Keep track of transactions – Look out for unauthorised credit card transactions. Most banks protect against fraudulent transactions.
Address recurring charges – If your card is linked to recurring charges (gym membership, rent, utilities), contact those businesses.
Check credit rate – To ensure you’re not the victim of identity theft, check your credit rating a month or two after you lose your credit card.
How to pay a credit card from another bank
Paying or transferring debt from one lender to the other is called a balance transfer. This involves transferring part or all of the debt from a credit card with one lender to a credit card with another. As part of the process, your new lender will pay out the old lender, so that you now owe the same amount of money but to a new institution.
Many credit card providers offer an interest-free period on balance transfers to help new applicants better handle their debt. During this period, cardholders are not required to pay interest on the debt they brought over from the other card. This can be a great opportunity for consumers to pay off credit card debt with no interest. There are often fees associated with balance transfers; normally, these are a percentage of the amount transferred.
So make sure you read the terms and conditions of the card before transferring any debt across.
What should you do if your credit card is compromised?
Credit card fraud is a serious problem. If your credit card is compromised and you’re wondering what to do, here are a few precautionary steps to take.
Contact you credit provider – Get in touch will your credit card provider. If you feel your card has been compromised, you should be able to lock or block it.
Monitor your accounts – Keep an eye on your credit card accounts. Any unauthorised transactions could be a sign your credit card has been compromised.
Check your credit rating – It’s also important to check your credit rating, to ensure you’re not a victim of identity theft or some other financial mischief.
Credit Card Balance
How do you cancel a credit card?
Credit cards aren’t something you want to collect unnecessarily. If you’ve paid the balance off or have upgraded to a new credit card, it’s important to cancel your old cards to avoid any additional fees. Unless you’re doing a balance transfer, you’ll need to pay the outstanding balance before you cancel your credit card. If you’ve opted for a card with reward points, make sure you redeem or transfer the points before you close your account. To avoid any bounced payments and save yourself an admin headache, redirect all your direct debits to a new card or account. Once you’ve done all the preparation, call your bank or credit card provider to get the cancellation underway. Once you receive a confirmation letter, destroy your card and make sure the numbers aren’t legible.
How to get a free credit card
Many people want to know how to get a free credit card. The reality is that all credit cards come with associated costs when used to make purchases – even if it’s simply the cost of making repayments.
However, many lenders offer incentives for customers such as a $0 annual fee or 0 per cent interest on purchases during an introductory period. You may be able to cut down on the usual costs associated with a credit card by comparing and choosing the right card to suit your requirements.
Additionally, paying off your balance in full during an interest-free period means you could only have to pay back the cost of purchases without interest. You could also be eligible for additional rewards such as cashback during that time, saving you more money.
How to get a credit card for the first time
A credit card can be a useful financial tool, provided you understand the risks and can meet repayment obligations.

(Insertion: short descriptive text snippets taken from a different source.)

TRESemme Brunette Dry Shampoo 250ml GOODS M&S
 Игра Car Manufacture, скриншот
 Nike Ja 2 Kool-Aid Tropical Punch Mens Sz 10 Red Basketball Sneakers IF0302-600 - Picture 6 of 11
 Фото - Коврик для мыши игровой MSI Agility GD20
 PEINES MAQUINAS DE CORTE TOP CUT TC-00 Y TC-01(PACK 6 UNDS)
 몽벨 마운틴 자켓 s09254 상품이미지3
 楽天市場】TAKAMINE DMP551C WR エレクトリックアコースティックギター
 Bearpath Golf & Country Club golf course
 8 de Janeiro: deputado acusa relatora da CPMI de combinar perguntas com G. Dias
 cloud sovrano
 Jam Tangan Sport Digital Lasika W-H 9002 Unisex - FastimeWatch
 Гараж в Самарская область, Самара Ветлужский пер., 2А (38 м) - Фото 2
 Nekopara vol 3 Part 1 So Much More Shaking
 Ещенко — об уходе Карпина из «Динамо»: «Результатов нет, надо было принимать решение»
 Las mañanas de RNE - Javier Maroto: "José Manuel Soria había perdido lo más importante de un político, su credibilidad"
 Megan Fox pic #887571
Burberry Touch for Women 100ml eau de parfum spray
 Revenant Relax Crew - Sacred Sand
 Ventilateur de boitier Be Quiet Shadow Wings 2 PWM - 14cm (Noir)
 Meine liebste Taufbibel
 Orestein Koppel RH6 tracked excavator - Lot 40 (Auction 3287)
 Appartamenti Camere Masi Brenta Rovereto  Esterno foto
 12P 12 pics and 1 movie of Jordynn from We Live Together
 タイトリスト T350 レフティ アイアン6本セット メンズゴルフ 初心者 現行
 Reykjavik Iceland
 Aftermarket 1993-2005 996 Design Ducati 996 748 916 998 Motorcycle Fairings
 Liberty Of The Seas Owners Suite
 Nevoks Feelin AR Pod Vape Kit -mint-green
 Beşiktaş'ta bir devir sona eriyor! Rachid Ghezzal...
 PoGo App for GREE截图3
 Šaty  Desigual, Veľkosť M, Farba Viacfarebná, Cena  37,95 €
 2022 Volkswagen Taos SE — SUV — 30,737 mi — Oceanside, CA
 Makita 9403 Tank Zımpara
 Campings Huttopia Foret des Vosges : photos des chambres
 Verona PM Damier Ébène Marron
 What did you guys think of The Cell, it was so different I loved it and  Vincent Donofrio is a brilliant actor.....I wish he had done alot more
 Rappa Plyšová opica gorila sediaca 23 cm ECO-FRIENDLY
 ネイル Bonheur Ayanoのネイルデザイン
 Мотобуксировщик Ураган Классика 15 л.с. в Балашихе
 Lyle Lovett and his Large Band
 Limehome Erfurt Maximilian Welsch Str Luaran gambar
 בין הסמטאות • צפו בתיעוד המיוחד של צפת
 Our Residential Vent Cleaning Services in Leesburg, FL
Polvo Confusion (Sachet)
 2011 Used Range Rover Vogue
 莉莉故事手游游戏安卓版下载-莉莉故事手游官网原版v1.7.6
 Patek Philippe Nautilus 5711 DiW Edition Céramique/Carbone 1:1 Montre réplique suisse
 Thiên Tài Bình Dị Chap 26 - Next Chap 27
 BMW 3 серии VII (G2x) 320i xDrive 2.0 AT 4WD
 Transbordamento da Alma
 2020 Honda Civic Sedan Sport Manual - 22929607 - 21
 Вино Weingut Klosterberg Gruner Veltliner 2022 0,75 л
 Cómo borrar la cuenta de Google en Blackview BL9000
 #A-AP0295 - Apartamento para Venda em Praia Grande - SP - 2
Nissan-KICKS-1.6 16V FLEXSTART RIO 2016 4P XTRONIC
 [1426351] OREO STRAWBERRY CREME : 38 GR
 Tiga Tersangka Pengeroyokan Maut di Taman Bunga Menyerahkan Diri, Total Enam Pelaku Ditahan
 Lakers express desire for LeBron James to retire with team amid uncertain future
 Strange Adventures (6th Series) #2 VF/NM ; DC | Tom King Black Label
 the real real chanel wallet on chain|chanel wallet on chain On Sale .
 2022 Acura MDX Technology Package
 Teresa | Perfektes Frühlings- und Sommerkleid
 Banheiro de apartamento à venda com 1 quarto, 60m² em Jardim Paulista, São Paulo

If you’re a credit card first-timer, review your options. Think about what kind of credit card would suit your lifestyle, and compare providers by fees, perks and repayments.
Once you’ve selected a card, it’s time to apply. Credit card applications can generally be completed in store, online or over the phone.
When you apply for a credit card for the first time, you must meet age, residency and income requirements. As proof, you must also provide documentation such as bank account statements.